#### What to produce
Extract all lines that hold "bathtub" from the records below.

(Brief descriptive captions)
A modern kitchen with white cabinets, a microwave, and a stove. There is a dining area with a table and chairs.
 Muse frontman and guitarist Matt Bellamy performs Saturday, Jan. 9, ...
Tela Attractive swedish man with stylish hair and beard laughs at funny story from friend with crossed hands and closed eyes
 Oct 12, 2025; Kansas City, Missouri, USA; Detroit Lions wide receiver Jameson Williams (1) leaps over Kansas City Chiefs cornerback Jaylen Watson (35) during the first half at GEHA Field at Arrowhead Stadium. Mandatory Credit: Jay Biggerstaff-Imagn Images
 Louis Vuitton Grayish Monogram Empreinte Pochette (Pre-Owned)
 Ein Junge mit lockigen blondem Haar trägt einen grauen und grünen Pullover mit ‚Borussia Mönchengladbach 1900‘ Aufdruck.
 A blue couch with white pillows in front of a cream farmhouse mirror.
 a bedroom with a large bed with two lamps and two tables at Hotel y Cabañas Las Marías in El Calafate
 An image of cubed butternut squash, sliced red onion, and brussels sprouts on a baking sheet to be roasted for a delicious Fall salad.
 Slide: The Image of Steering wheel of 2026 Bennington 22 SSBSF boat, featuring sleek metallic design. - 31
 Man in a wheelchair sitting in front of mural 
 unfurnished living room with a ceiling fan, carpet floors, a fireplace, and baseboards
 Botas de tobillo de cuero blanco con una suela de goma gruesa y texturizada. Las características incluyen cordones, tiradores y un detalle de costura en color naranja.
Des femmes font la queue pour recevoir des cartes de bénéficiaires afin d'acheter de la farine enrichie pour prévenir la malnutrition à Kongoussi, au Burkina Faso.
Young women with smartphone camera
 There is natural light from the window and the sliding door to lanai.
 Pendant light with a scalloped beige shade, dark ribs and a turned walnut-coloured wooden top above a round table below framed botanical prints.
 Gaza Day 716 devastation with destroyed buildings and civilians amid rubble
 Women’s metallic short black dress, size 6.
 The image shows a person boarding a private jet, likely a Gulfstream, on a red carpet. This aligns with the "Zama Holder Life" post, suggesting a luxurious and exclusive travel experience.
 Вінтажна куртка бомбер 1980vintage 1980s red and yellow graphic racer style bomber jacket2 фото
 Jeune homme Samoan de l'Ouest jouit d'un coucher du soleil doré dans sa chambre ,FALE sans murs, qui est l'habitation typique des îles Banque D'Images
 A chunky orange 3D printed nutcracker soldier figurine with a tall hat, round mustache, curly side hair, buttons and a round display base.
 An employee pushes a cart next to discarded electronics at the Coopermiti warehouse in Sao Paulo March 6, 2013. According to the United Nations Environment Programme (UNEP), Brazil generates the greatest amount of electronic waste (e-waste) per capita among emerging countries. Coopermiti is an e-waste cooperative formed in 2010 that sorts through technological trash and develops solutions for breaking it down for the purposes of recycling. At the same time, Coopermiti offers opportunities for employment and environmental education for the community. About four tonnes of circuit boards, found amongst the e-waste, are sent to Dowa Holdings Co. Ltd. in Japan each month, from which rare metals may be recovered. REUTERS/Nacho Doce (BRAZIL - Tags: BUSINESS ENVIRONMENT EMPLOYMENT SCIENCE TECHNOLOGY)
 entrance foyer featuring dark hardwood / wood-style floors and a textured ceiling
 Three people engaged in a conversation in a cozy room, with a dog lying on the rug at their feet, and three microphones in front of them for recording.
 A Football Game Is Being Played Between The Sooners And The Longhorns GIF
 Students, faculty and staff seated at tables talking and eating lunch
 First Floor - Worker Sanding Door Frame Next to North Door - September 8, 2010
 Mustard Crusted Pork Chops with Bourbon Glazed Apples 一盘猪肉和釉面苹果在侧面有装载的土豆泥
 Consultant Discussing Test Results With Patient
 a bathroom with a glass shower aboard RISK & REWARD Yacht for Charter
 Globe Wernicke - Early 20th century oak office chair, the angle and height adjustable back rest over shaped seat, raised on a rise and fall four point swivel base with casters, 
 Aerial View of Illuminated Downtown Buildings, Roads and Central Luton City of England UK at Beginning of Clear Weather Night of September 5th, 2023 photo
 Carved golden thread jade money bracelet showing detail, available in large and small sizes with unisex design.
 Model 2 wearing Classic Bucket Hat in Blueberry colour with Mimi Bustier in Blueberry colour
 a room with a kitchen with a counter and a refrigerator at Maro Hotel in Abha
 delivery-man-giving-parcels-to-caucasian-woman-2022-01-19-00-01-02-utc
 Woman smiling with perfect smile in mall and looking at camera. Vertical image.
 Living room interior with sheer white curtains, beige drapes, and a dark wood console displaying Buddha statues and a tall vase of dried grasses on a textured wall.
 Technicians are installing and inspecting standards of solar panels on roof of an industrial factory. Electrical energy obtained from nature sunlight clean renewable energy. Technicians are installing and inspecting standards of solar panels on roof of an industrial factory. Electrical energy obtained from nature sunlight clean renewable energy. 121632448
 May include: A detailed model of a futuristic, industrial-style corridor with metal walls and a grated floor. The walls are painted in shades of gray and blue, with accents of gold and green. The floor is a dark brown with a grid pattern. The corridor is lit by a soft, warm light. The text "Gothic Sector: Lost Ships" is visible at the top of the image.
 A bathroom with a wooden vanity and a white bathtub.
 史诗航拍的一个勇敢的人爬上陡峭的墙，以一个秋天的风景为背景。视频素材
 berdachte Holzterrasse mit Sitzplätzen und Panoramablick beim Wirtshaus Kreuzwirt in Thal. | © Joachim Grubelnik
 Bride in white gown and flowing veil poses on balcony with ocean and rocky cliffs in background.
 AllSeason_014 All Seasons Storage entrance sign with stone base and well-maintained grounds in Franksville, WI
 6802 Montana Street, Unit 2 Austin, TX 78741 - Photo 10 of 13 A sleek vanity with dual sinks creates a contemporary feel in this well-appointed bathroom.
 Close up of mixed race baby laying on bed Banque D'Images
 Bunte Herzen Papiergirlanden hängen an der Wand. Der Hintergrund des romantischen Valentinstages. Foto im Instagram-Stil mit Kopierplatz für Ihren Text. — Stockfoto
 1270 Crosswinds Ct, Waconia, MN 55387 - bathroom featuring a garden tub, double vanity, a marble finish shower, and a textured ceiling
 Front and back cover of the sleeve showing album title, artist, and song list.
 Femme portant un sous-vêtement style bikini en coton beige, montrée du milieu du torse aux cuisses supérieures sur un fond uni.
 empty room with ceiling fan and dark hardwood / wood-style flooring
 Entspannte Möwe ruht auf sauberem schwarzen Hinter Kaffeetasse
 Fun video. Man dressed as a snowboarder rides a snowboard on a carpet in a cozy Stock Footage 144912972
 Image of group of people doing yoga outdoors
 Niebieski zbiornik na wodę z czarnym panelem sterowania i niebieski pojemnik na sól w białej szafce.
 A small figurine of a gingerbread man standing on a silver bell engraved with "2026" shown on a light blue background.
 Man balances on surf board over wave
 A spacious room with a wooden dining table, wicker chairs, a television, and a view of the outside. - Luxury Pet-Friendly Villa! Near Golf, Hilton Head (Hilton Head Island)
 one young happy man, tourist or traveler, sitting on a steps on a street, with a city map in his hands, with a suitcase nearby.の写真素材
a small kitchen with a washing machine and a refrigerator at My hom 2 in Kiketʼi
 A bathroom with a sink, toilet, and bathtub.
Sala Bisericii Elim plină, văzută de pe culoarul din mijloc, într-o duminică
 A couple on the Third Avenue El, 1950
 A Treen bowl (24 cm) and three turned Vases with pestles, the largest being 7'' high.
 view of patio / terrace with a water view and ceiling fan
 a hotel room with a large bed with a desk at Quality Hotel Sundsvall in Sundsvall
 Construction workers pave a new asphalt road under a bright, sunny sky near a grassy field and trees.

#### Solution to the problem
 A bathroom with a wooden vanity and a white bathtub.
 A bathroom with a sink, toilet, and bathtub.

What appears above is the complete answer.